Omnidirectional Vision for Mobile Robots

This page will contain materials and progress reports related to my diploma thesis. The task is to enable robot navigation on a checkerboard floor of the Eurobot contest and to detect specific colored objects (skittles) with an omnidirectional visual sensor.

06-02-07 Defended!

The thesis was defeneded and marked as excellent by the oponnent and the entire commitee.

05-12-16 Thesis Online

The master thesis is finished and published online! You can either read the individual chapters or download the entire thesis.

05-09-22 Relevant Papers

Started creating a summary of all the known Vision-Based Localization - Relevant Papers. Each paper has own wikipage with abstract, short annotation and linked citations.

05-04-15 Monte Carlo Localization

05-03-30 Input normalization

Definitevely sick and tired of the camera’s unpredictible white balancing, I decided to try prepending color normalization in front of the filter chain.

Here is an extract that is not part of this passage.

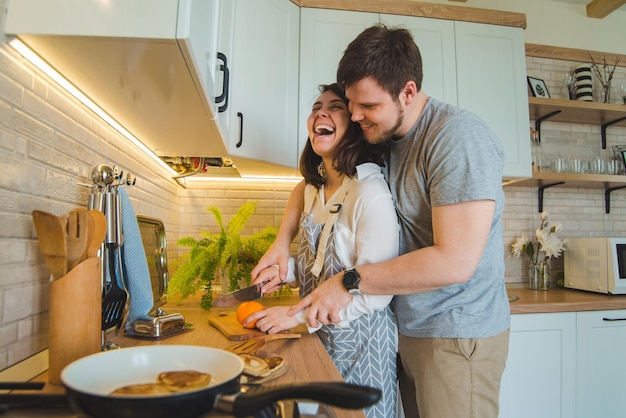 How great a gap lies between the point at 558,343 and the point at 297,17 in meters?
2.06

The first filter now processes the captured frame to reach uniform distribution of all 3 channels. RGB values are recomputed so that each channel has mean (average value) 65 and standard deviation (square root of divergence) equal to 50. With these values, the RGB cube optimally fills the YCrCb color space:

Histogram of the YCrCb transformed image

Thanks to the normalization, all the tracked colors are always present in the thresholded image (even in the camera startup phase :!:). This enables to track the White playing table borders (which used to be very fugitive).

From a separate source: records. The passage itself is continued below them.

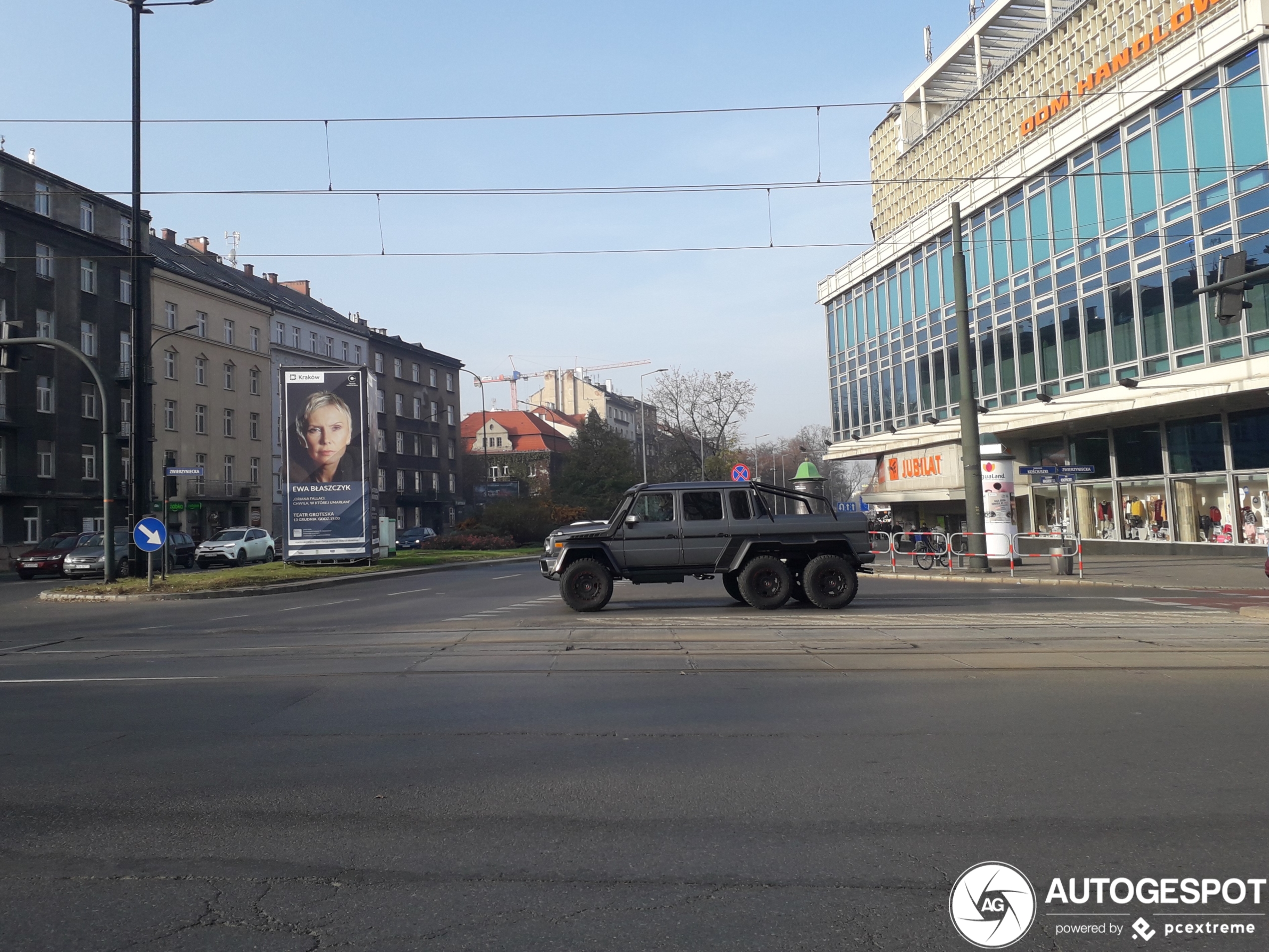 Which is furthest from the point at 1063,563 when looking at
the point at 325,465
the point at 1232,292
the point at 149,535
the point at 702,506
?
the point at 325,465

Border peaks Directrices of the border

Due to different montage of the camera, whole playing field is visible all the time and even the Checkerboard Pattern in Eurobot 2005 boundaries are easier to track:

Boundary peaks Directrices of the boundaries

05-03-21 Boundary Transform Evaluation

The current algorithm detects the orientation and shift of the Checkerboard Pattern in Eurobot 2005 boundaries performing the following filter chain:

The input image is thresholded, browN-beigE boundary is detected

Input image Thresholded Boundaries

Then it is transformed to ground plane where it gets summed in 128 different directions

Transformed Peaks in summed image

and the peaks in the sum image denote orientation and shift of straight lines in the transformed image:


05-03-15 New Vision Framework

The vision testing application has been rewritten to support capturing into several so called filter chains, each of which consists of several image filters that perform some operation on the image going from the camera through the chain. The image below shows output of the new BoundaryFilter, which extracts browN / beigE boundary information from the thresholded image.

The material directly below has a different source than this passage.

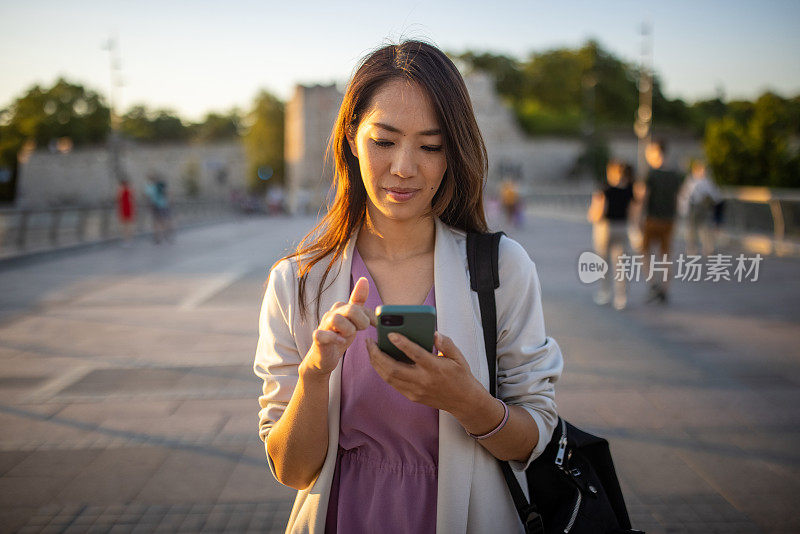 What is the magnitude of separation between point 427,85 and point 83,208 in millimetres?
17453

Screenshot of the BoundaryChain in action

The next step is to sum these boundaries in different directions to get the most probable orientation and shift of the Checkerboard Pattern in Eurobot 2005 pattern.

05-03-06 New Beacon Support

Dense transformation of the new camera image Finished the definitive montage of the new camera to the Beacon Support with Omnivisual Sensor.

The montage allows fine-tuning of the camera position and orientation resulting in an evidently more precise shape of the projected surface.

05-02-24 Mirror Projection

First try of dense transformation Example of sparse pixelwise transformation Applied the pixelwise transformation on the camera image to get a sparse matrix of transformed camera pixels. It is optimistic, that the computed transformation seems to be correct :-) On the other hand, proper camera montage is necessary to see the Checkerboard Pattern in Eurobot 2005 pattern as actual squares.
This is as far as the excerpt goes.